A Neural Net In Pytorch

Posted on Fri 16 March 2018 in Basics

This article goes with this notebook if you want to really do the experiment. In particular, I won't explain the specifics of getting the data and preprocessing it here.


Pytorch is a Python library that provides all what is needed to implement Deep Learning easily. In particular, it enables GPU-accelerated computations and provides automatic differentiation. We have seen why the latter is useful in the previous article, and this the reason why we will never have to worry about calculating gradients (unless we really want to dig into that).

But why GPUs? As we have seen, Deep Learning is just a succession of linear operations with a few functions applied element-wise in between, and it happens that GPUs are really good (and fast!) at those, because that's what is basically needed to decide which color should each pixel of the screen have when playing a game. Thanks to the gaming industry, research on GPUs has made them extremely efficient, which is also why Deep Learning has become better in a lot of different areas. We can consider deeper network and train them on much more data nowadays.

To use the full potential of this library, we're going to need one, preferably several, efficient GPU. A gaming computer can have one, but the best way is to rent some. Services to rent GPUs by the hour have flourished and you can easily find some powerful virtual machines with efficient GPUs for less than fifty cents an hour. I'm personally using Paperspace at the moment.

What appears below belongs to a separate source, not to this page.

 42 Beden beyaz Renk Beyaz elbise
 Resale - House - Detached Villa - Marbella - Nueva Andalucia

I'm mostly using pytorch because the library of fast.ai is built on top of it, but I really like the way it uses Python functionalities (as we'll see, it makes good use of Object Oriented Programming in Python) and the fact the gradients are dynamically computed. It's making the implementation of Recurrent Neural Networks a lot easier in my opinion, but we'll see more of that later.

MNIST Dataset

To have some data on which try our neural net, we will use the MNIST Dataset. It's a set of hand-written digits that contains 70,000 pictures with their labels. It's divided in two parts, one training set with 60,000 digits (on which we will train our model) and 10,000 others that form the test. These were drawn by different people from the ones in the first test, and by evaluating how well on this set, we will see how well it actually generalizes what it learned.

We'll skip the part as to how to get those sets and how to treat them since it's all shown in the notebook. Let's go to the part where we define our neural net instead. The pictures we are given have a size of 28 by 28 pixels, each pixel having a value of 0 (white) to 1 (black), so that makes 784 inputs. For this simple model, we choose one hidden layer of 100 neurons, and then an output size of 10 since we have ten different digits.

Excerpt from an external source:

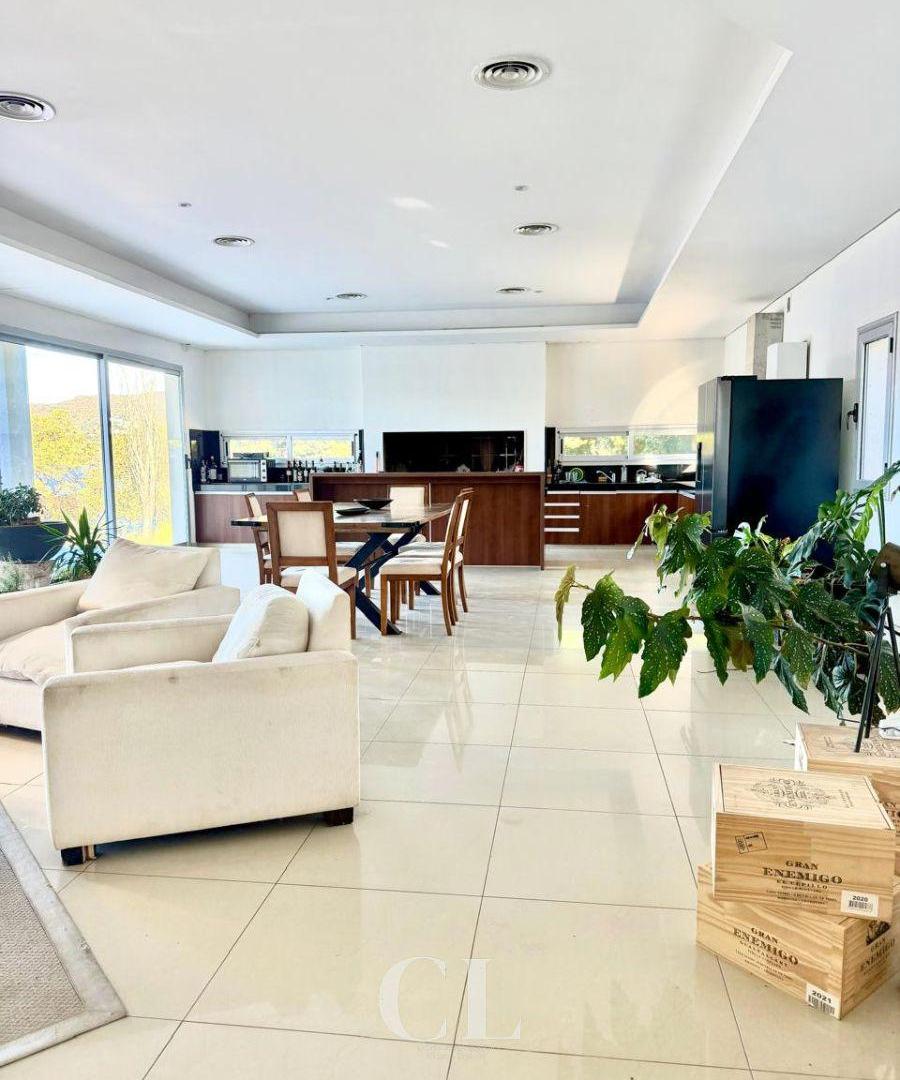Foto de Venta Casa Exclusiva Con Costa De Lago De 5 Dormitorios Y Piscina, imagen 5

Why 10 and not 1? It's true that in this case we could have asked for just one output going from 0 to 9 (and there are ways to make sure it'd behave like this) but in image classification problems, we often give as many outputs as they are classes to determine. What if our next problem is to say if the picture if of a dog, a cat, a frog or a horse? One output won't really represent this, whereas four outputs will certainly help, each of them representing the probability it's in a given class.

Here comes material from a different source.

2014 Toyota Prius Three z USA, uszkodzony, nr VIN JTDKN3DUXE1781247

When we have a classification problem and a neural network trying to solve it with \(N\) outputs (the number of classes), we would like those outputs to represent the probabilities the input is in each of the classes. To make sure that our final \(N\) numbers are all positive and add up to one, we use the softmax activation for the last layer.

If \(z_{1},\dots,z_{N}\) are the last activations given by our final linear layer, instead of pushing them through a ReLU or a sigmoid, we define the outputs \(y_{1},\dots,y_{N}\) by

\begin{equation*} y_{i} = \frac{\mathrm{e}^{z_{i}}}{\mathrm{e}^{z_{1}} + \cdots + \mathrm{e}^{z_{N}}} = \frac{\mathrm{e}^{z_{i}}}{\sum_{k=1}^{N} \mathrm{e}^{z_{k}}}. \end{equation*}

As we take the exponentials of the \(z_{i}\), we are sure all of them are positive. Then since we divide by their sum, they must all add up to one, so softmax satisfies all the prerequisites we wanted for our final output.

One nice side effect (and which is the reason we chose the exponential) is that if one of the \(z_{i}\) is slightly bigger than the other, its exponential will be a lot bigger. This will have the effect that the corresponding \(y_{i}\) will be close to 1, while the other \(y_{j}\) are close to zero. Softmax is an activation that really wants to pick one class over the other.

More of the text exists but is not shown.